The Role of the Paralegal in the Law Firm
The paralegal provides invaluable aid to the attorney in the legal process. Paralegals are the backbone of the trial team, coordinating thousands of details that must be accomplished from the beginning of the first client interview through the trial process and post-trial procedures. The paralegal is also important to the client as they utilize time efficiently and provide the client necessary legal assistant services at a much lower rate than that of the attorney. This enables the attorney to focus on the major aspects of the case, while the paralegal gathers and collates important and necessary data.
Paralegals should in most instances utilize critical thinking skills, business managerial skills, organizational skills, general communication skills, general office skills, computer skills, and research and writing skills.
From the beginning of the client interview, under the supervision of the attorney, the paralegal will begin gathering information to assist the attorney in analyzing the client’s specific legal issues through interviews with clients, witnesses and experts. The paralegal, under the attorney’s direction, will also identify and evaluate alternative legal solutions; formulate logical solutions to specific problems of the case; construct logical arguments in support of the client’s position; suggest potential solutions; determine which areas of law are relevant to the client’s particular issues; identify interrelationships among cases, statutes, regulations, and other legal authorities; apply recognized legal authority to a specific factual situation; analyze factual situations to determine when it is appropriate to apply exceptions to general legal rules; distinguish evidentiary facts from other material and/or controlling facts; and identify factual omissions and inconsistencies.

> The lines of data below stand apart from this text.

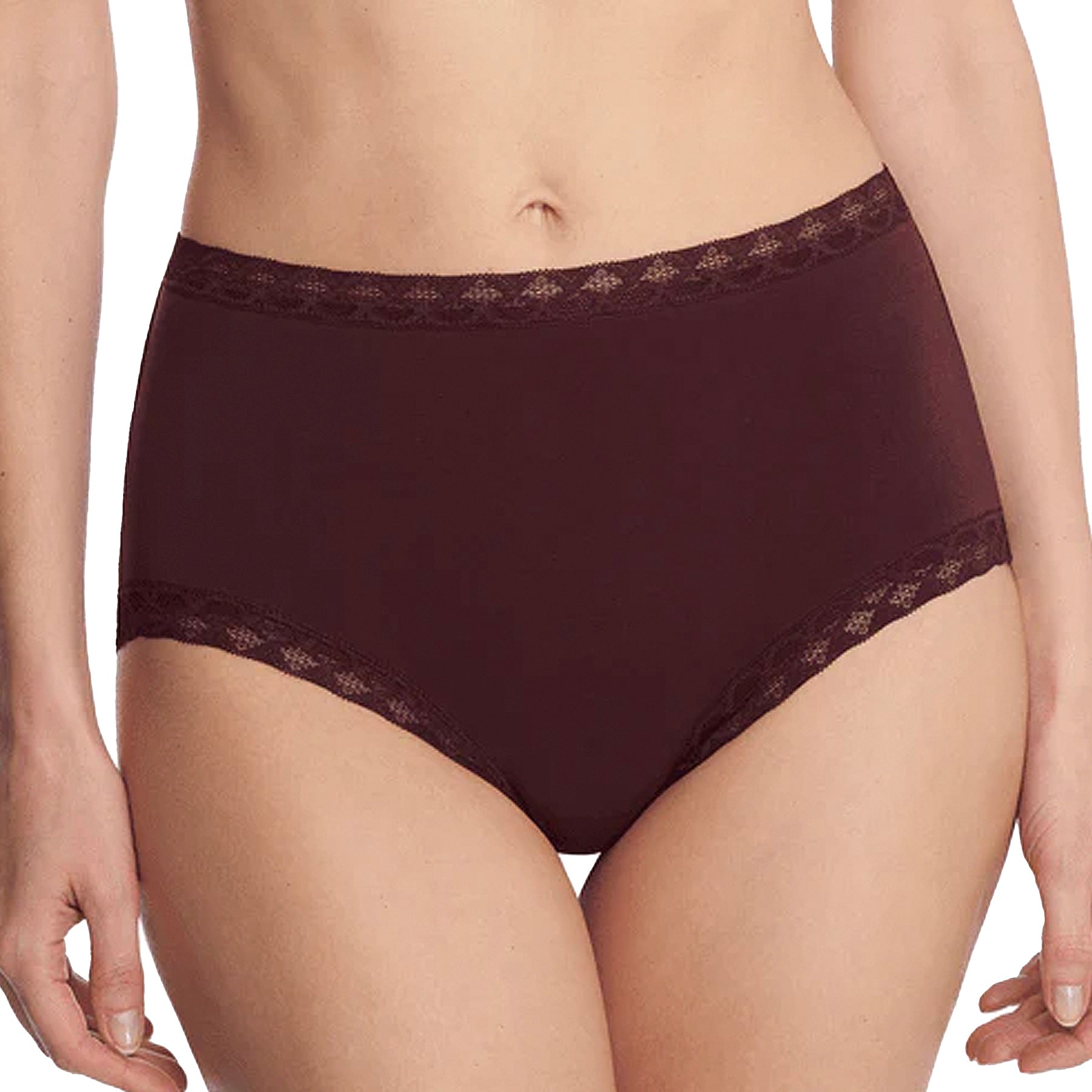 Natori Bliss Cotton Full Brief Panty 755058 Vino Front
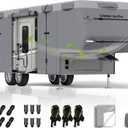 Umbrauto 5th Wheel RV Cover Fits 40-44ft Travel Trailer Motorhome, Extra-Thick Windproof Camper Cover with 6 Gutter Cover Adhesive Repair Patches, Ladder Cover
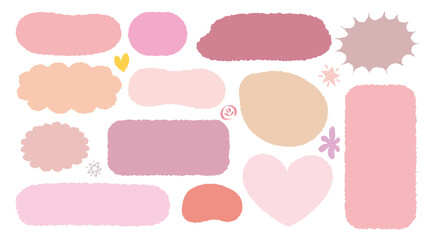 Set of hand drawn style cute memo sticker. Variety abstract shapes of pink speech bubble. Girl style frame with crayon draw. Chat box balloon cloud. Sweet retro label tag collection vector for text  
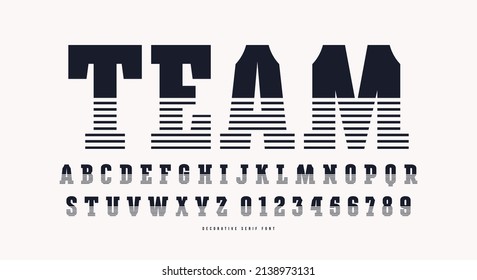Decorative slab serif font with striped decor. Letters and numbers for logo and t-shirt design. Vector illustration. Black print on white background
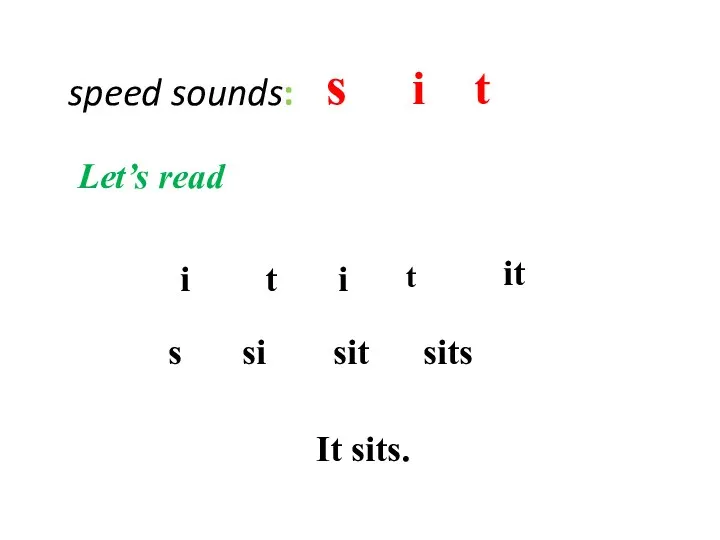 speed sounds: s i t Let’s read i t it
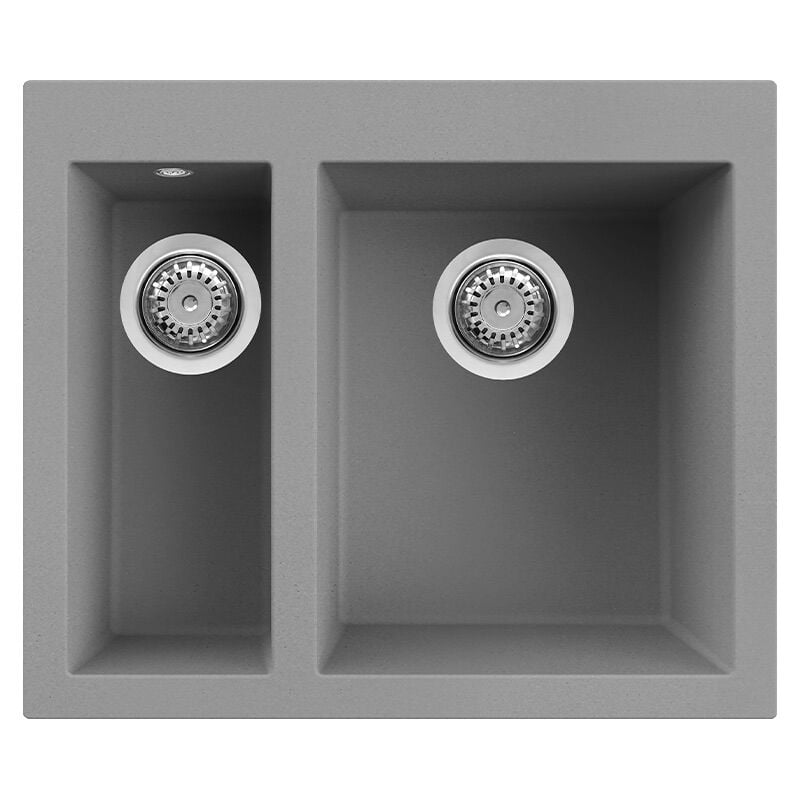foto del prodotto lavello elleci incasso 2 vasche 59x50 quadra 150 granitek grigio cemento lgq15048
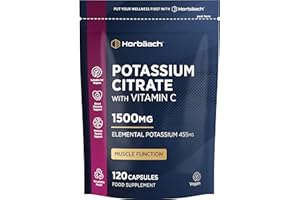HORBÄACH Potassium Supplement with Vitamin C 1500mg | High Strength 455mg Elemental Potassium Citrate | Electrolyte Capsules | 120 Count | 100% Vegan | by Horbaach
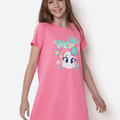 Camisola Manga Curta Algodão Menina Teen Estampada Unicórnio Aloha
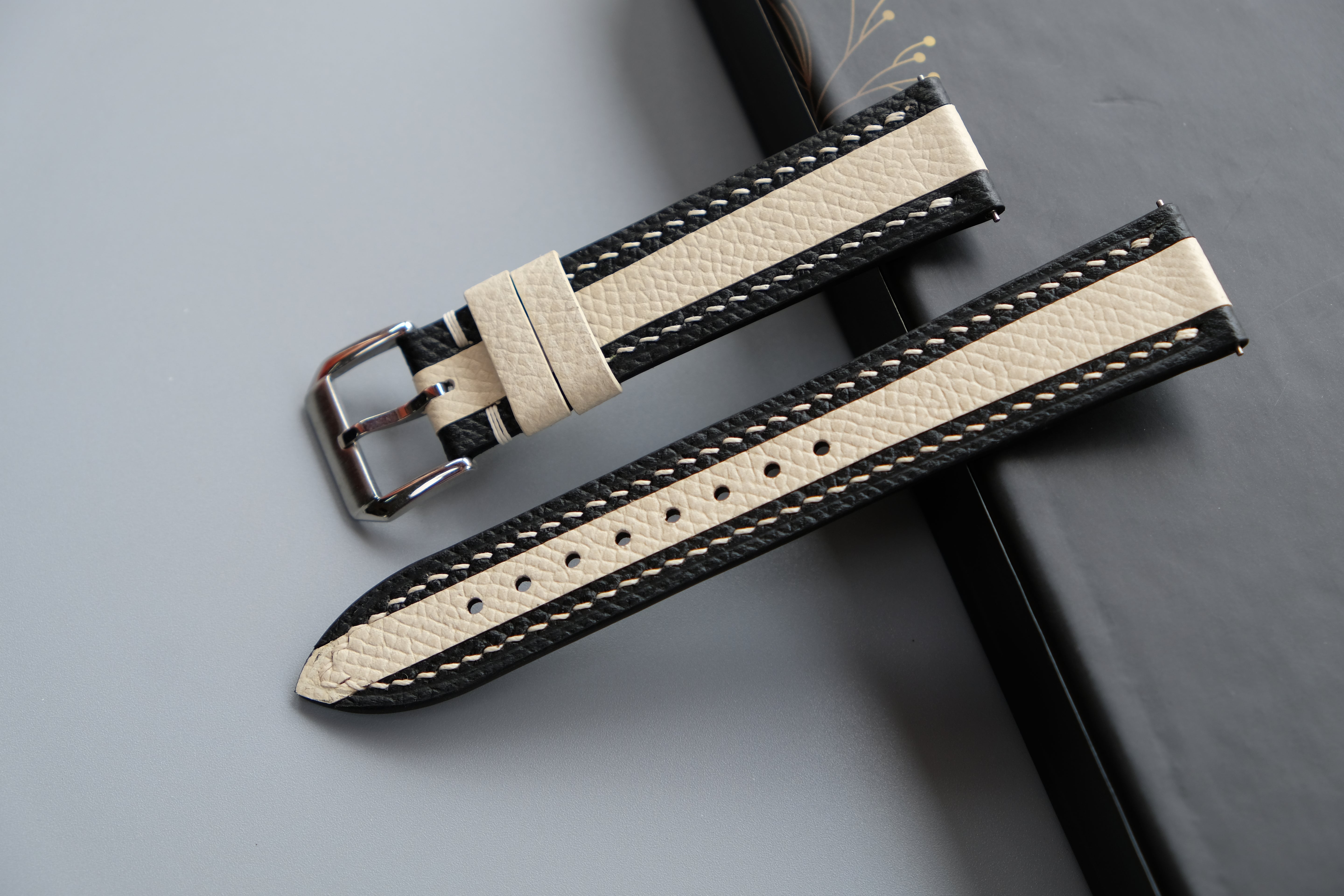 Black Mixed Milky White Epsom Leather Watch Strap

Using organizational skills the paralegal will sort information by category and prioritize assignments according to the client’s needs, manage information manually and through computerized databases.
It is the job of the paralegal to interact effectively with clients, witnesses, experts, counsel of record, courts and other legal and business professionals. They must adapt to situations as they arise and keep the attorney informed of all new developments in the case. They must be able to adapt to situations as they arise, and understand the need to ask questions and seek guidance form the attorney.
Legal research involves the application of critical thinking, organizational skills, and effective communication skills. The paralegal must be able to carry out legal research and analyze and categorize key facts in each legal situation. They must read, evaluate and analyze both printed and electronic sources of law and with supervision of the attorney apply that law to the facts of each case. They must not only properly cite sources, but must check the cited sources of other legal professionals to locate and formulate proper legal concepts.
One of the most important and difficult jobs of the paralegal is the drafting of legal documents. This involves understanding and application of principles of writing and rules of English grammar. The writing must be done in a way that conveys legal theory in a clear and concise manner and conforms with local, state and federal court rules. They must further locate, modify and/or customize standardized forms found in formbooks, pleadings files, form files, or on computer data banks according to the facts of each potential case.
The paralegal must have a well rounded knowledge of the legal system, the various court procedures and the law and how it applies to the various legal matters at issue for each client. They are a critical member of the legal support team and used effectively assist in providing the client with the appropriate legal representation at a more efficient price.